Let’s recap. In 2017, a status referendum was held in Puerto Rico. Only 23% of voters turned out. Voter turnout doesn’t matter in the United States. There are many governors, mayors, and congressional representatives who won their seats with 23% or 12% or 6% of the vote. The only voices that matter in our democracy are those that show up and vote.
Rep. Darren Soto (D-Fl), recognized this at the time. “There are a ton of arguments, but our democracy is based on those elections,” he said. “The opponents simply decided to boycott the elections thinking that would reserve them an argument later on, and I couldn’t imagine a greater folly in that situation.”
Nobody boycotts an election they can win
Anti-statehood groups banded together to call for a boycott of the plebiscite. While El Nuevo Dia reported that the plebiscite was not the main reason voters stayed away from the polls, the desired outcome was achieved.
The low turnout allowed both independence and territory supporters to question the results of the plebiscite.
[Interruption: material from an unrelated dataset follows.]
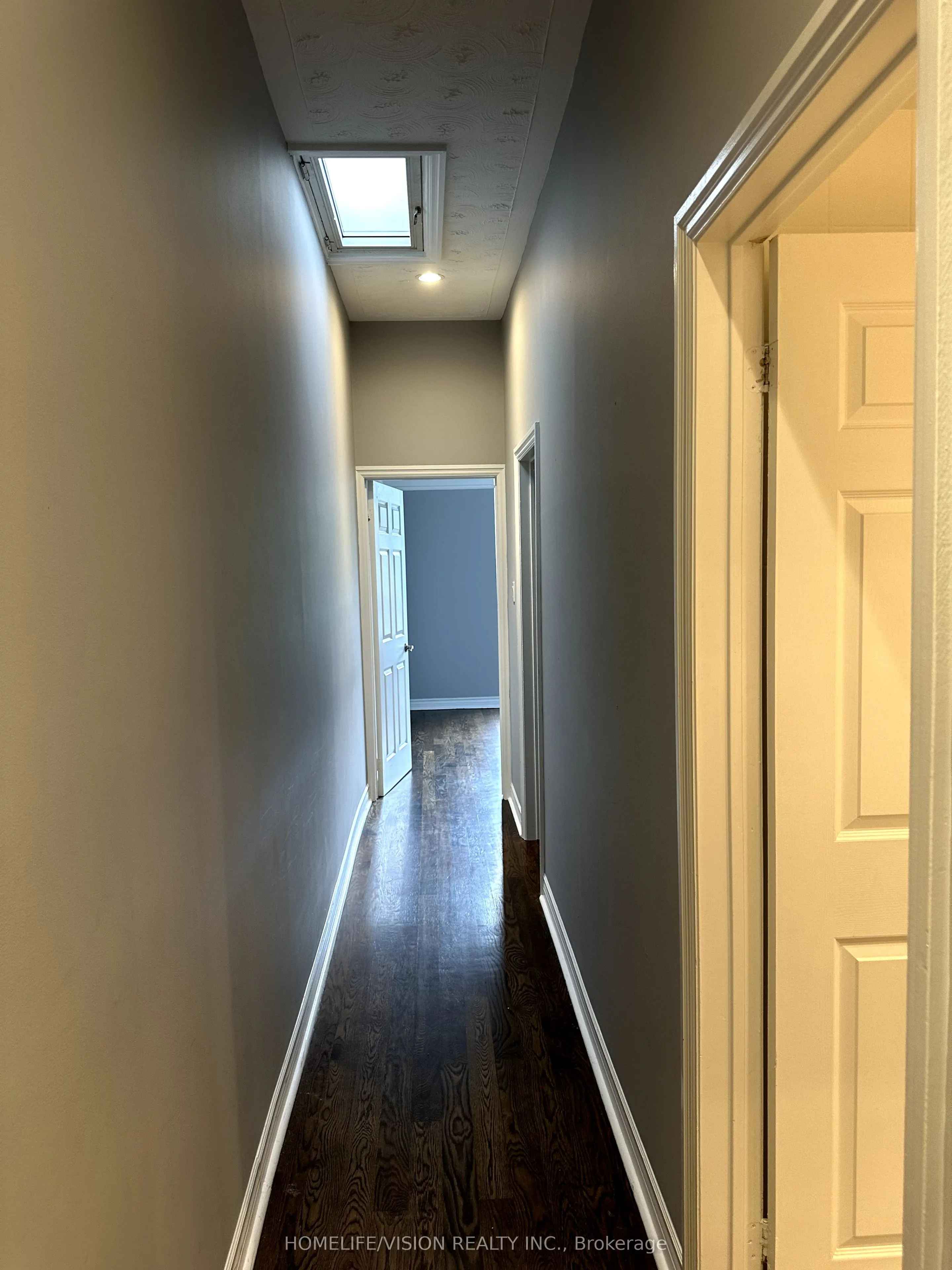 2024 Queen Street E #Apt 2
Since it was clear that statehood is the most popular option of the viable choices for Puerto Rico’s political status, questioning the outcome was the only card in the hands of independence and “commonwealth” leaders.
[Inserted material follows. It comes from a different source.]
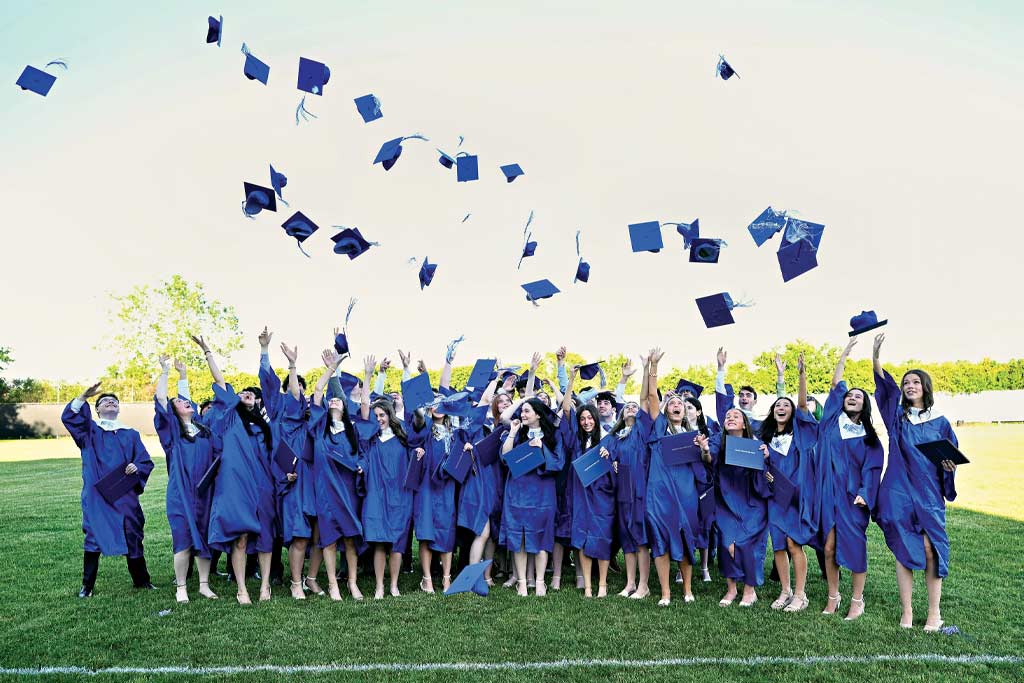 A photo of graduating students from Rochelle Zell Jewish High School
Independence has never gained more than 5% of votes in any status referendum, and no Independence Party candidate has ever won the race for governor. It is clear that Puerto Rico doesn’t want independence.
The “commonwealth” option is more complicated. The federal government — all three branches — has repeatedly said that the current territory status is all that Puerto Rico has available as a status option apart from statehood or independence.
The “commonwealth” party continues to reject that reality and to imagine an “enhanced commonwealth” possibility.
In 2019, we look forward to statehood for Puerto Rico, in spite of these machinations.